Understanding and quantifying the debonding mechanisms at the fiber/matrix interface in carbon fiber-reinforced polymer (CFRP) composites at the nanoscale is challenging, due to the interplay of non-covalent and covalent interactions. In this paper, a strain energy-based covalent bond rupture criterion is established. The molecular dynamics simulations are employed to investigate the interfacial debonding behavior of original and silane coupling agent (SCA)-modified carbon fibers under both dry and humid conditions. Stress–displacement curves, along with the formation and disruption of bridging structures during debonding, are analyzed in detail.

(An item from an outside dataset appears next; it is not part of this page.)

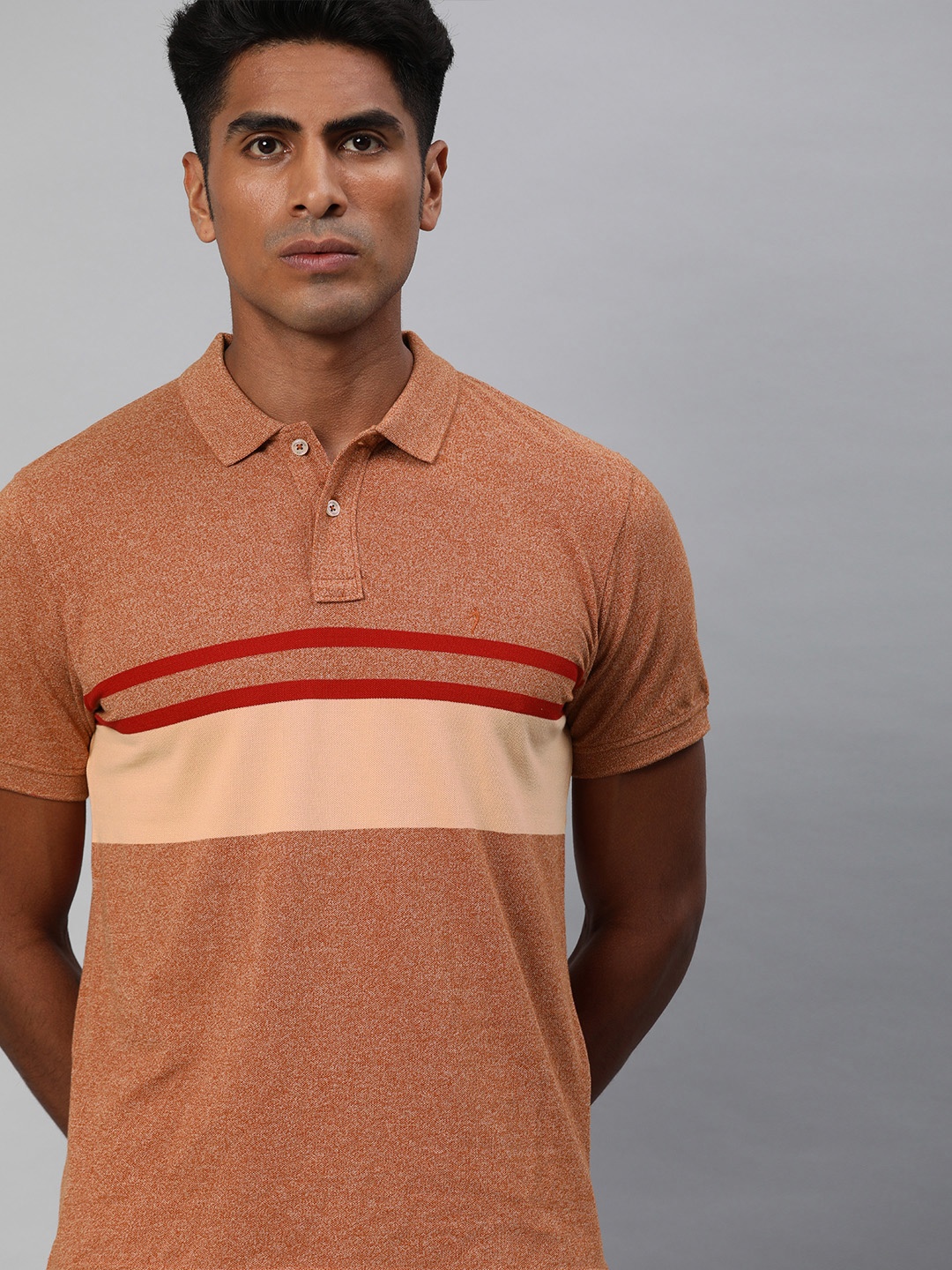 

Indian Terrain Men Rust Orange Striped Polo Collar T-shirt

Interfacial failure modes are characterized by the distribution of resin residues, and covalent bond ruptures are closely monitored. As water molecules disrupt non-covalent interactions and accelerate the breakdown of interfacial bridges, failure tends to shift toward the adhesive mode. In contrast, the introduction of covalent bonds through SCA modification enhances the ultimate debonding displacement by 150%. The progressive debonding facilitates optimized stress transfer, effectively delaying catastrophic failure. The SCA-modified interfaces interfaces exhibit approximately 70% cohesive failure rates, attributed to covalent bond-enhanced load transfer and the stabilization of bridging structures. This paper provides a nanoscale framework to guide the design and manufacturing of CFRP composites for reliable service in high-humidity environments.